REVIEWED BY WALTER ALBERT:         


IF I HAD A MILLION. Paramount, 1932. Gary Cooper, Charles Laughton, George Raft, W. C. Fields, Jack Oakie, and 41 featured players. Screenplay by various hands, based on the novel Windfall by Robert D. Andrews. Directed by Ernst Lubitsch, Norman Taurog, Stephen Roberts, Norman McLeod, James Cruze, William A. Seiter, and H. Bruce Humberstone. Shown at Cinevent 41, Columbus OH, May 2009.

IF I HAD A MILLION

    The premise of this eight-part anthology film is that wealthy John Glidden (Richard Bennett), close to death, dissatisfied with his life and wanting to do some good before he dies, decides to give his fortune away in the form of million dollar checks to strangers.

    The film seems to include every name actor on the Paramount lot at the time, but the sequence that is best known is “Road Hogs,” directed by Norman McLeod. It features W. C. Fields and Alison Skipworth as former, down-on-their-Iuck vaudevillians who, with the check that Emily La Rue (Skipworth) receives, buy the car of their dreams.

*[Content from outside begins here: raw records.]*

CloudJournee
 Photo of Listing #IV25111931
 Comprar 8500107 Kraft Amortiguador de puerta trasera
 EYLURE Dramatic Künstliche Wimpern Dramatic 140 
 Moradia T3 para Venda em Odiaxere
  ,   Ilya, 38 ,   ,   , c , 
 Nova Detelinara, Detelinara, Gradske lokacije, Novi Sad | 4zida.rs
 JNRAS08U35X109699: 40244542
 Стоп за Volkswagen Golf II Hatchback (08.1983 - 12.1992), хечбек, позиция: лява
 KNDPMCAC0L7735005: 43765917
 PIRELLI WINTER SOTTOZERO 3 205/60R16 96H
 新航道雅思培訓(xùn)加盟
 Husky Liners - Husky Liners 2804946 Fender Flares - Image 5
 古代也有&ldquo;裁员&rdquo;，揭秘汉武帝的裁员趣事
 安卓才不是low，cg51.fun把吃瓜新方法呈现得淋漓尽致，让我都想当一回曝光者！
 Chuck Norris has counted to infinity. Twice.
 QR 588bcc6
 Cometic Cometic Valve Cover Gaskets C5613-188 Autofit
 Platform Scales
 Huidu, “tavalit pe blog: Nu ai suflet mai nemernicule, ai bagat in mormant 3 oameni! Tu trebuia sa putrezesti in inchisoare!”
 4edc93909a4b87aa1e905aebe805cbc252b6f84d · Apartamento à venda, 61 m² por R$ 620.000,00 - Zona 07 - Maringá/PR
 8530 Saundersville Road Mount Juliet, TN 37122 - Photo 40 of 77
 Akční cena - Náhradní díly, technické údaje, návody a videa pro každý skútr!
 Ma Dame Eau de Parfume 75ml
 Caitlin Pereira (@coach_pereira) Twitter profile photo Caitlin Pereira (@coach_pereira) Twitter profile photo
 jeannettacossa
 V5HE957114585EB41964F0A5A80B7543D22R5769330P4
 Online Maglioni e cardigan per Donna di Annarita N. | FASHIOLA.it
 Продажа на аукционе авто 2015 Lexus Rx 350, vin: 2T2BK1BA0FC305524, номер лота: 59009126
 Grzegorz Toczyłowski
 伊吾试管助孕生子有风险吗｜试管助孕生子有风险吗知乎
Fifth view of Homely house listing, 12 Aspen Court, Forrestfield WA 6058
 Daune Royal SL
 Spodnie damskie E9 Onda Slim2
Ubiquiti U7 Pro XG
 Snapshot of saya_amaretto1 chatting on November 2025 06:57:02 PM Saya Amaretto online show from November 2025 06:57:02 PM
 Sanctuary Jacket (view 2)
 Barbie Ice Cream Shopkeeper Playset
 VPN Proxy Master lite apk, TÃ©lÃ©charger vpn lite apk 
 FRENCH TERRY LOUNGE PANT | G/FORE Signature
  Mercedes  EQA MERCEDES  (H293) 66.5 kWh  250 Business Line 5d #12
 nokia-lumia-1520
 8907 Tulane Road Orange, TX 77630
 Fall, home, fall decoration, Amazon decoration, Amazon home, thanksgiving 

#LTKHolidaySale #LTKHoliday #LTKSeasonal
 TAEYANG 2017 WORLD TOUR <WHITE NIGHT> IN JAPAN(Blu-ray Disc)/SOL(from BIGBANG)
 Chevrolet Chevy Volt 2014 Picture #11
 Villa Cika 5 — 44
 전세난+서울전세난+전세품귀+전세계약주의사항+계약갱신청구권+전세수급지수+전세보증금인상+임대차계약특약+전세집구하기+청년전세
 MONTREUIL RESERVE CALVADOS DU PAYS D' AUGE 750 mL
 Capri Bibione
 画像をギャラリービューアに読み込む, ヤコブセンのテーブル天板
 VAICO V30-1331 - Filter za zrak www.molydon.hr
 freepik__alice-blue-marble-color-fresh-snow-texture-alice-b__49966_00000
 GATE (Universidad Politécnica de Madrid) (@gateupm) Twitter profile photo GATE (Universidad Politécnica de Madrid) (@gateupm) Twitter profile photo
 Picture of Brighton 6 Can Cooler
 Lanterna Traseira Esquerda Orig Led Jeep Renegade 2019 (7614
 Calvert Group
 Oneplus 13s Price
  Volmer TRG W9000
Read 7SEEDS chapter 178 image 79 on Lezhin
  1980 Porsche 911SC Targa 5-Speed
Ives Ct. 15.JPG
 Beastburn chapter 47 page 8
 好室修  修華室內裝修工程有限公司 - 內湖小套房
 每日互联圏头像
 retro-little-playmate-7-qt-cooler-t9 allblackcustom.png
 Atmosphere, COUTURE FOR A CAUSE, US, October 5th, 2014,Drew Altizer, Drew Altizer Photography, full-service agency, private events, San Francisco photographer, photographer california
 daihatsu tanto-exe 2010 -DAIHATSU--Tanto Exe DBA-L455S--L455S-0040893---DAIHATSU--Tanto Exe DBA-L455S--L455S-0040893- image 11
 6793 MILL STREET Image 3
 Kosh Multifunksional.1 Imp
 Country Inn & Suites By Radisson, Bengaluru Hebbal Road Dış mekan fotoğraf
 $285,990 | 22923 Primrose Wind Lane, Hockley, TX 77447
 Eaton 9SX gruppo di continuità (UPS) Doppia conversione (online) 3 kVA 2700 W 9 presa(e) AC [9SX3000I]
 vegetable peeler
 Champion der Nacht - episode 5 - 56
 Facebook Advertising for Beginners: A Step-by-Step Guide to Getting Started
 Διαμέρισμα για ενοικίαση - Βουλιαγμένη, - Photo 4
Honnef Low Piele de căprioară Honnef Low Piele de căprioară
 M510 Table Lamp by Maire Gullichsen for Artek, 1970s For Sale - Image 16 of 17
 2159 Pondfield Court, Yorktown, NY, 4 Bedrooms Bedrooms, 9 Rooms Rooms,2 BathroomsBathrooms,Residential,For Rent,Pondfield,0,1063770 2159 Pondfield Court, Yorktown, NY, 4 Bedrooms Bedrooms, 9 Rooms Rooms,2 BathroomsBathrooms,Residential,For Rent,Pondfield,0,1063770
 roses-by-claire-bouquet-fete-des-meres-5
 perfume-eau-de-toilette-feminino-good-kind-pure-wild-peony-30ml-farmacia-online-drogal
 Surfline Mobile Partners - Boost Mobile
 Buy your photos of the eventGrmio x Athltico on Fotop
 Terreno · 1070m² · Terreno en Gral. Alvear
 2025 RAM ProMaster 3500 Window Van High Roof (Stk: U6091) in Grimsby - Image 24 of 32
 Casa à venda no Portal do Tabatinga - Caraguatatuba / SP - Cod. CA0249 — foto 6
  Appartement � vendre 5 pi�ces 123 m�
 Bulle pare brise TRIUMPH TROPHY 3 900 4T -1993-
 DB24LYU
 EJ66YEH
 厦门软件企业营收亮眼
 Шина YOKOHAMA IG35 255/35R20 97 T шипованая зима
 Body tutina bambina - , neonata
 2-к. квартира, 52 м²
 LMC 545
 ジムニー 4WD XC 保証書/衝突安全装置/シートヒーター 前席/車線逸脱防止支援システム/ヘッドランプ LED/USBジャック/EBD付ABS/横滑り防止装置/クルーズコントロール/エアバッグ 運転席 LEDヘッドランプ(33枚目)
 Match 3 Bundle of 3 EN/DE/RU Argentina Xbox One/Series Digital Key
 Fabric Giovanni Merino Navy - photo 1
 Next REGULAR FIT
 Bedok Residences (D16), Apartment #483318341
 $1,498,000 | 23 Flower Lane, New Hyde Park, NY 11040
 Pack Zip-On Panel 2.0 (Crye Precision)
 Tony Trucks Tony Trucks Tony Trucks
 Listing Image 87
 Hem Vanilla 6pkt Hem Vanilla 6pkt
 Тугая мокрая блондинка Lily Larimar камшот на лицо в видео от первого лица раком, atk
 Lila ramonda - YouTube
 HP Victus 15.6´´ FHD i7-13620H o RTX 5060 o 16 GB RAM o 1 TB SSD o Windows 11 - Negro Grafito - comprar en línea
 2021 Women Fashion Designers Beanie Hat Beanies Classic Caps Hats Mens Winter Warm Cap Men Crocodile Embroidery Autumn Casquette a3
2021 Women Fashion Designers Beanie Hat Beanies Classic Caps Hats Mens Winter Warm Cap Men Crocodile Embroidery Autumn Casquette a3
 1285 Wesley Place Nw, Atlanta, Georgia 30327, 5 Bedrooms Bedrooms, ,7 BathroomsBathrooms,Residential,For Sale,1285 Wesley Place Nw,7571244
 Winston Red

    When the car is demolished by a road hog, the pair buy a fleet of cars and, followed by their new purchases, each with its own driver, they take the lead in an afternoon’s drive during which they demolish the car of every road hog who tries to cross their path, until, they drive off triumphantly in the last undamaged car.

    The narrative spectrum includes a forger trying, without success, to cash his check, a death-row prisoner relieved to have a fortune to leave to his wife, and, in the shortest and most pointed of the stories, directed by Ernst Lubitsch, a lowly clerk (Charles Laughton) who finds the perfect way to pay back his employer for years of indignities inflicted upon him.

    As might be expected, the film is uneven, but it’s never less than entertaining, and at its best, a wonderful display of the writing, directing and acting talent available at Paramount in the early 1930s.